Copenhagen: Roll and Write features gameplay similar to Copenhagen, but with players now finishing the façade of their individual building through colors shown on rolled dice, not through drafted and played cards.
In the game, each player has a paper scoresheet that shows a building and five colored lines of boxes. A sheet in the center of the playing area shows various polyomino tiles in those same five colors, with tiles of two and three spaces on one side of a central divider and tiles of four and five spaces on the other side. The game includes five six-sided dice that feature the above mentioned five colors on five of their sides as well as a sixth color that serves as a joker. Each player starts with two red stars on their scoresheet; you can spend one or more of these stars on your turn to re-roll as many dice as you wish.
On a turn, you roll the five dice. If you have re-rolls in reserve, you can use them if you wish. You then choose a group of dice in a single color, then you see the shape of the polyomino that corresponds to this choice, then you draw that polyomino on the façade of the building, with the polyomino needing to "rest" on the bottom of the building area. One space in this polyomino is brick (represented by an "X") while the other spaces are all windows (represented by an "O"). If you created a polyomino of four or five spaces, you cross it off the central sheet of paper as each tile shown on the right side of the sheet can be used only once.
Each other player then gets to choose one of the dice that you didn't use to claim that polyomino, then fill in the leftmost empty box of that color on their scoresheet. (In a two-player game, the non-active player chooses two unused dice, assuming that at least two dice weren't used.) These boxes might have a symbol underneath them. If the box has a + under it, then this player can cross off the + on a future turn to add one "phantom" die showing this color to whatever they rolled that round, e.g., if you cross off a blue +, you effectively rolled three blue dice that turn instead of two. If a box has a star under it, then you can cross out that star on a future turn to use the power of that color:
• Red lets you reroll as many dice as you want.
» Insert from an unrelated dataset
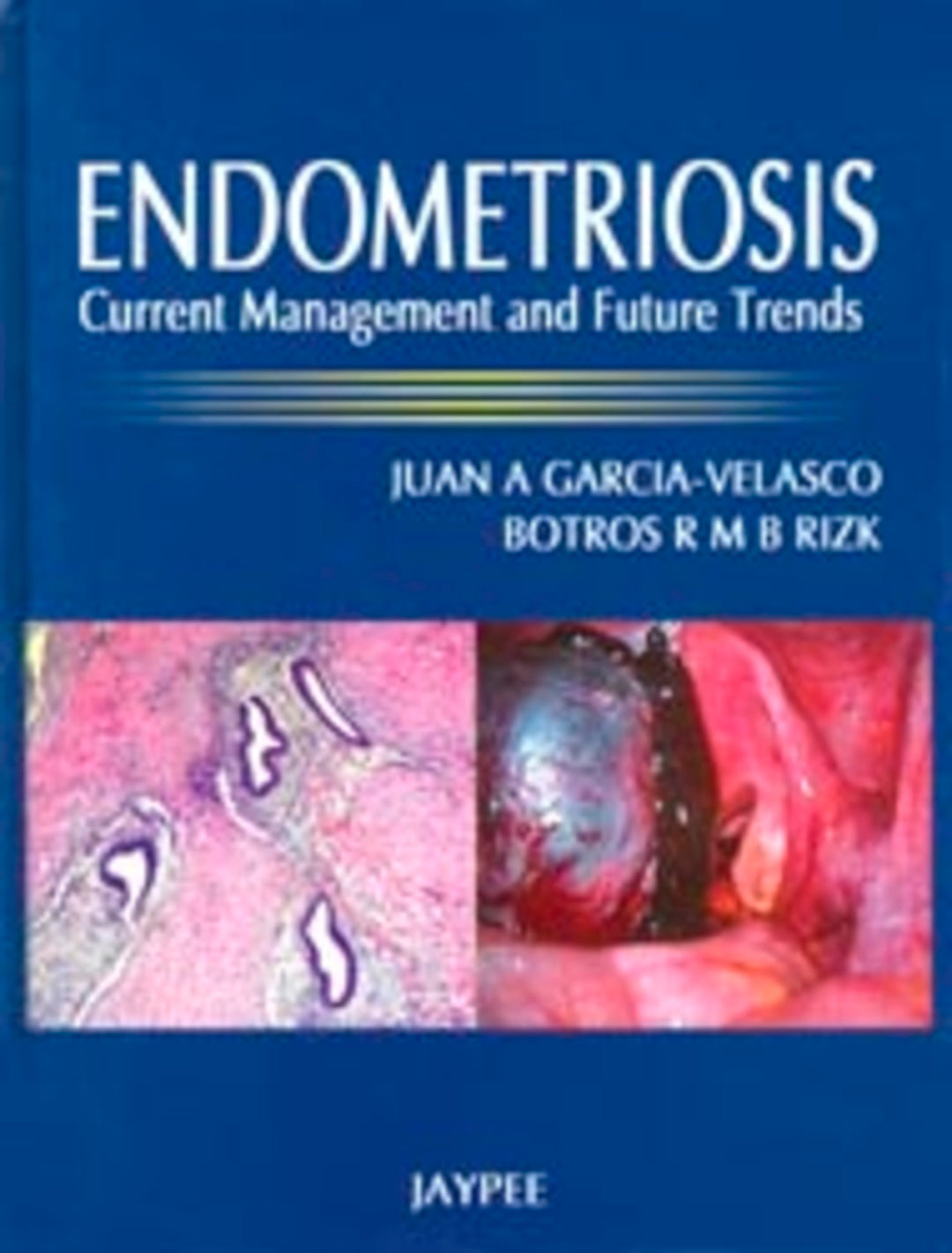 Cover image for Endometriosis ISBN 9788184488081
• Blue lets you change one brick space to a window space when you're drawing something into your façade.
• Purple lets you draw one brick space in an empty space of your choice (as long as this space isn't floating in air).
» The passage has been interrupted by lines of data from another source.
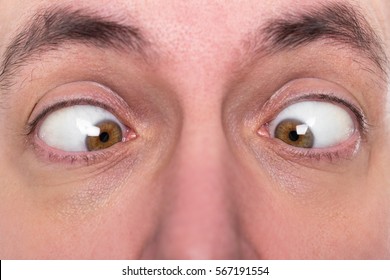 Adult Man Is Squinting, Closeup, Concept Strabismus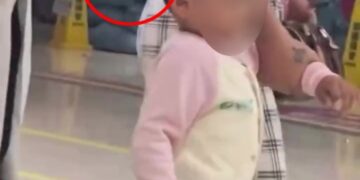 Niño pequeño con cuchillo en la cabeza que llega al hospital.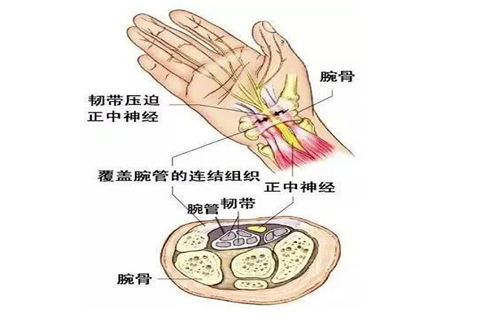 小心折磨人的“鼠标手”，一起了解腕管综合征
• Green lets you change all dice of one color to another color of your choice.
• Yellow lets you use a polyomino shape that was crossed out on a previous turn.
You can use as many stars as you wish on your turn, say using a red star to re-roll dice to get three blue, one yellow, and one joker, then using a green star to turn all the blue dice yellow, then using a yellow star to let you re-use the yellow five-space polyomino that had been crossed out earlier.
When you fill in a horizontal row in the façade of your building, you score 2 points if all the spaces are filled with windows and 1 point if at least one space holds brick; when you fill in a vertical column, you score 4 points and 2 points under the same conditions (all windows vs. at least one brick). When you fill in predesignated rows and columns, you receive an immediate bonus — either drawing one window in an empty space or crossing off two boxes in one or two color lines on your scoresheet. If you cross out the final space in a color line, you score 2 points.
Gameplay continues until someone has scored 12 or more points. Complete the round so that each player has had the same number of turns, then whoever has the most points wins!
I played Copenhagen: Roll and Write twice, once with two players and once with four. With more players in the game, more polyominoes get crossed out by opponents, so yellow stars would seem more important, and I pushed for them when choosing what to X off on an opponent's turn — but then I never had a chance to yellow star something as the dice didn't turn up as I wished they did, despite me re-rolling three times. Boo.
The game feels super-combo-y, with you trying to set up the bricks just so, then kick everything off at once by dropping in a polyomino that completes a line or two, ideally giving you one of the bonus "cross off" actions at the same time so that you can complete another line and race to the 12-point threshold before someone else can do so. Things don't always come together for you, but this can be as much a result of incompetent special power usage as unlucky die rolls.
Queen Games is still working on the final graphics and components of this design, so don't expect it to appear exactly this upon publication.